Sunday, August 3, 2008

Our state's answer CORE 24 . . .

Last week our state board voted to recommend CORE 24 to the legislature for implementation over a six year period. The changes include increasing graduation requirements from 19 credits to 24 credits with increases in math and science. Students will be choosing between three pathways each with different content requirements designed to make them ready for college, job training, and the workforce. Since there is also a significant price tag for these changes that must be included for it to become law, it should be an interesting 2009 legislative session. This, combined with any recommendations from the Basic Education Task Force on school funding may carry it beyond interesting.

Those organizations advocating for the math and science increases are celebrating as they believe these additional requirements will result in all students being better prepared for post high school learning and work.
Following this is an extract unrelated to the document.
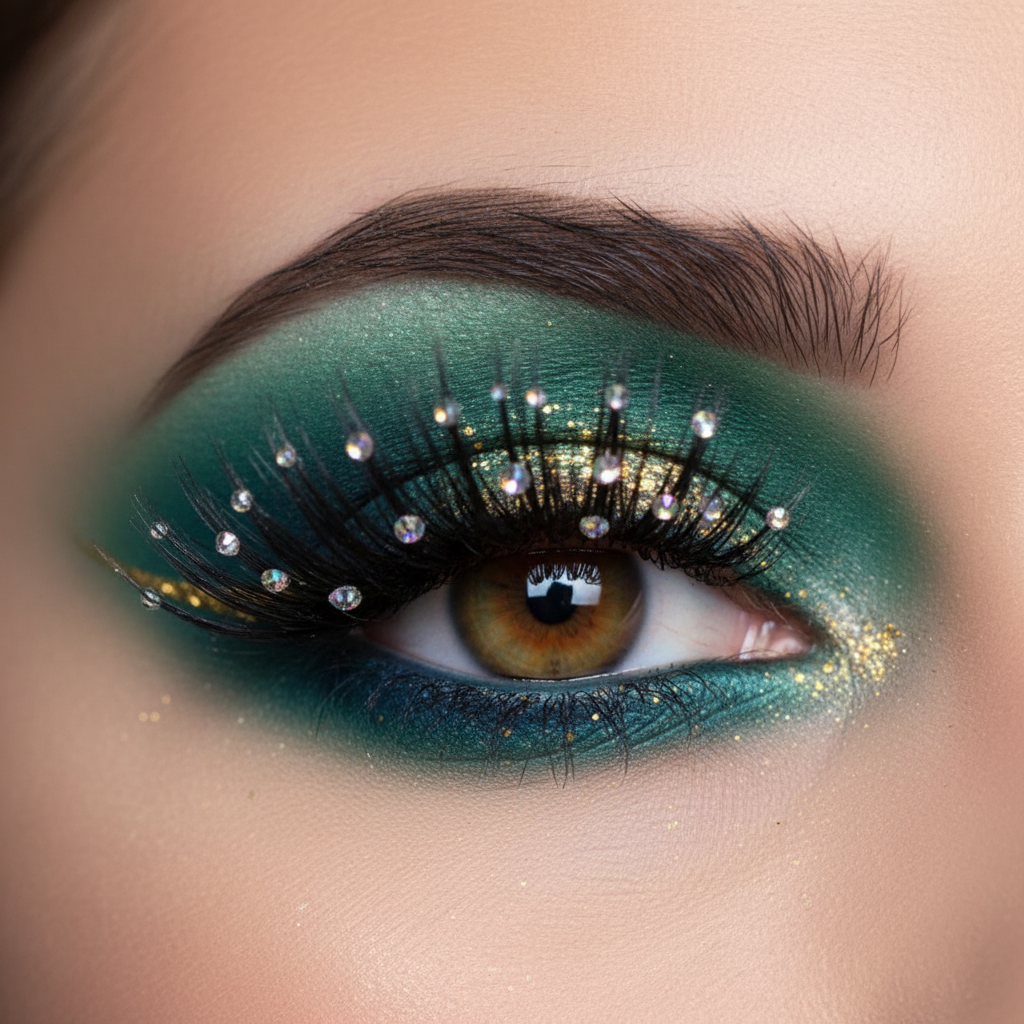Enchanted Nails, Lashes & Art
Will these changes lead to increases in the number of students who want to become engineers, one of the issues that seems to be a driver for the change? What are we not considering that may have negative consequences for students and for districts?

What are your thoughts about this recommendation?

2 comments:

The Custodian said...

I don't have a problem with making sure students graduate with "knowledge," but I think this push toward more requirements puts a big damper on what students can choose as electives and what they can pursue in areas they are interested in learning about. As long as students get a good foundation in the necessary fields of learning, it seems more advantageous to allow them to pursue their own dreams and goals and to add what they want to their plate of knowledge as they strive for that future. They will choose what's necessary to do that. If so many requirements are put upon them it seems that their creative souls will feel overwhelmed and many will either give up or just do what they have to to get out of the education system.

As a parent, I already feel like there are so many demands put on children that it not only adds stress and emotional strain to them, but does the same for the parents as they try to keep up in an ever-increasing whirlwind of state-mandated rules and regulations. Why don't we put more focus on technical schools, smaller colleges and apprenticeships instead of pushing so much for four year colleges where so much time seems to be wasted on non-essentials and unsupervised party fests.

Ethan Smith said...

Please know that I haven't studied the thinking behind the proposal, just the proposal itself. I'll use your own words (or something like them)...Core24 represents a tweak to a system that needs fundamental change. As such it represents at best a step sideways and at worst a step backwards. As a state we do not do well at educating young people in math and science. Requiring students to take more ineffective math and science classes is not going to help. If Core24 is percieved as the solution and we take our eyes off of the dooming reality above then it will only delay getting to a solution that will really work and thus be a step backward. The Core24 proposal is not evidence that at the highest levels of our educational systems we are making the needed cultural shifts, including the shift from a focus on teaching to a focus on learning.